I Won't Watch This During The Seventh Month

When I entered the Fortune Theatre on Russell Street in London’s theatre district earlier this evening, I was somewhat doubtful that a ghost story could be performed successfully on stage. It’s not a murder mystery, where you sit there at the edge of your seats, awaiting the denouement. It’s not a movie, where the judicious use of camera angles and special effects could transform you magically to a land of dread. Instead, with the rest of the audience, you know that the ghost will appear sooner or later, and you know that you ought to be scared.

So, was I? Well, not really. At times, the ghost was – as we say in Singapore – very cartoon, very drama. But that did not detract from a most enjoyable night out,

The Sister and I were at a performance of The Woman In Black, after a nice dinner at La Ballerina on Bow Street. Adapted from the horror novel by Susan Hill, the play first took up residence at the Fortune Theatre in 1989, but it was only in recent months that I had heard increasing chatter about what an excellent production it was.

The staging is minimalist. We have only two principal actors, who, between the both of them, play up to half a dozen characters. Of course, there’s the shadowy third character – the eponymous Woman In Black, who floats across the stage, clad in drab black, with her ghastly wasted face just visible enough. There’s no acknowledgement in the programme guide of the actress who plays her, which makes it all the more ridiculously mysterious.

When the curtain rises in the beginning, we see an old lawyer, Arthur Kipps, who has hired an unnamed young actor to help him retell the horrifying events of decades ago, when he was sent by his company to the desolate town of Crythin Gifford to attend the funeral of one of their clients, the reclusive Mrs Alice Drablow. Little is known of her, except that she lived in a house by the coast, Eel Marsh, accessible only during low tide via a sandy causeway. But perhaps the townsfolk did know quite a bit. Except that they were distinctly reluctant to say more, as Arthur Kipps found out rather quickly.

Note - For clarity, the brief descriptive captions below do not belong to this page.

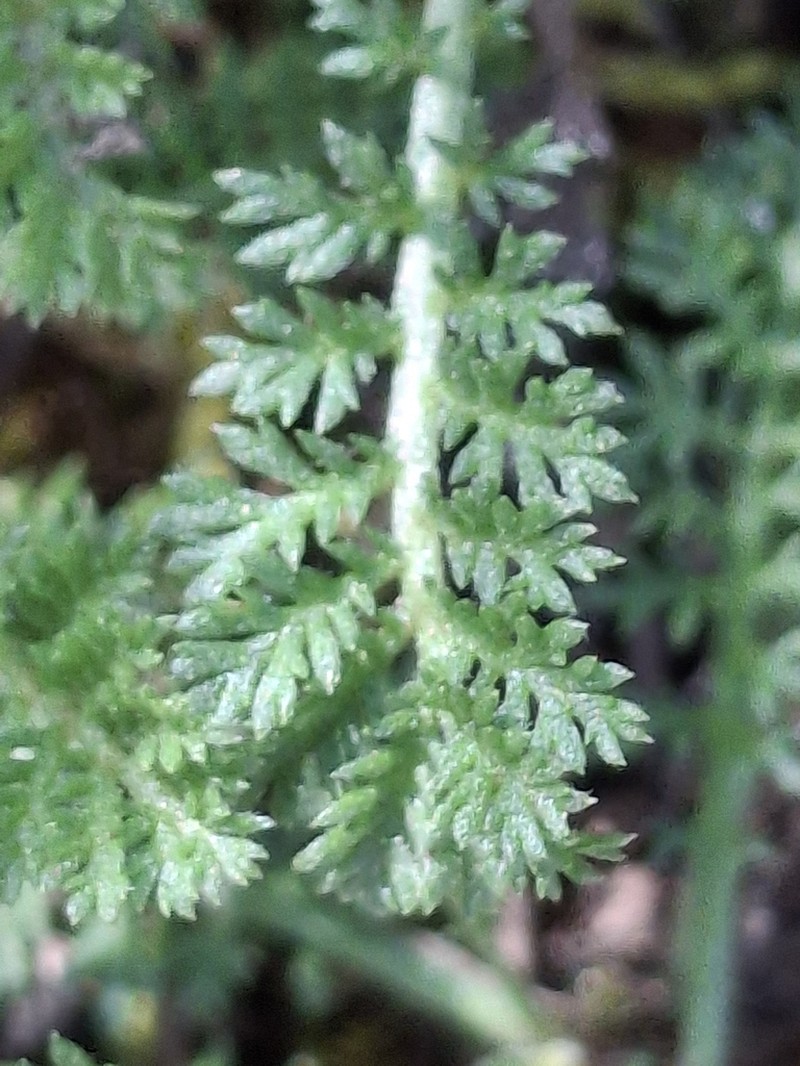 Achillea odorata photo 7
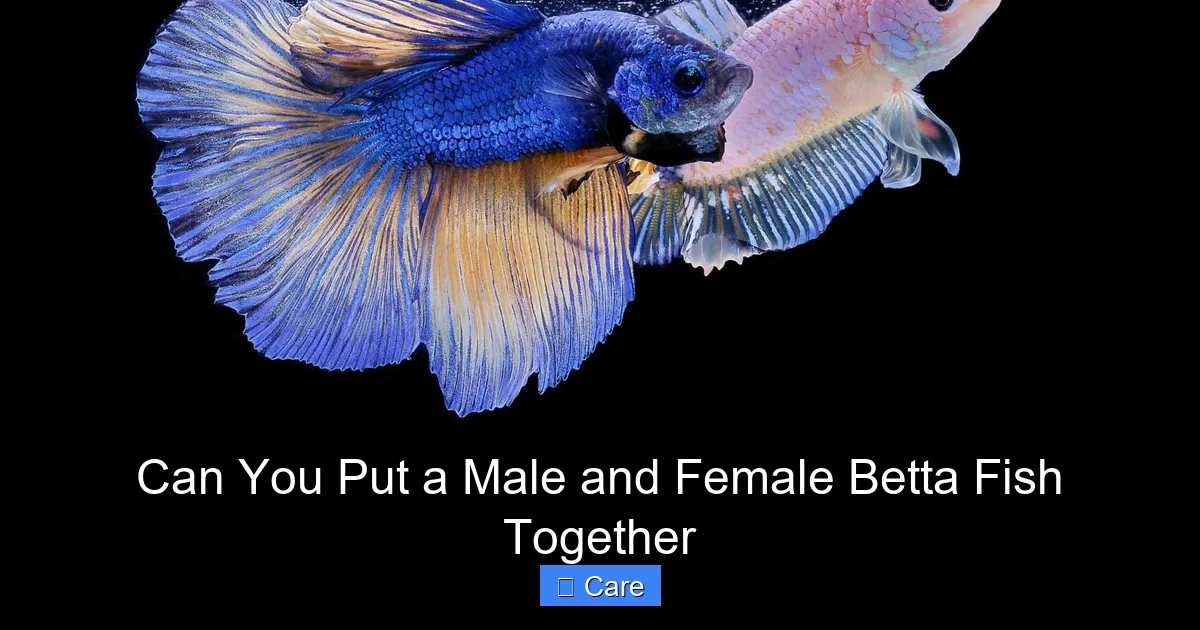 Can You Put a Male and Female Betta Fish Together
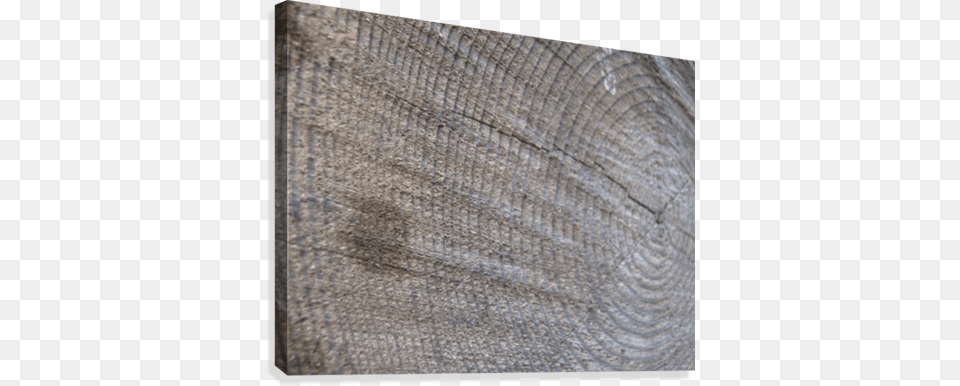 Tree Rings 01 Canvas Print Wood, Lumber, Plant, Texture, Tree Trunk Free Transparent Png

And as he stayed there in the succeeding days, going through her personal papers, he endures a terrifying sequence of events – strange noises and frightening hauntings by the Woman in Black. Slowly, he pieces the story together, and discovers that the ghost is in fact the dead sister of Mrs Drablow, and every appearance of the Woman In Black would foreshadow the death of a child somewhere, as she takes revenge on the world, after she, too, lost her child to an unfortunate accident. The tragedy, of course, is that the spirit transcends time and space, even appearing after Arthur Kipps leaves Crythin Gifford and starts a family with his beloved Stella. So, it takes little imagination to figure out what happens next.

This was a pretty gripping performance, and you do wonder sometimes how the actors manage to sustain the emotions displayed, night after night, to different audiences. Surely, at some point, it becomes a tedious chore. But if they felt the tiredness, they certainly didn’t show it. It was a good show. And I found it fun, but perhaps not scary enough.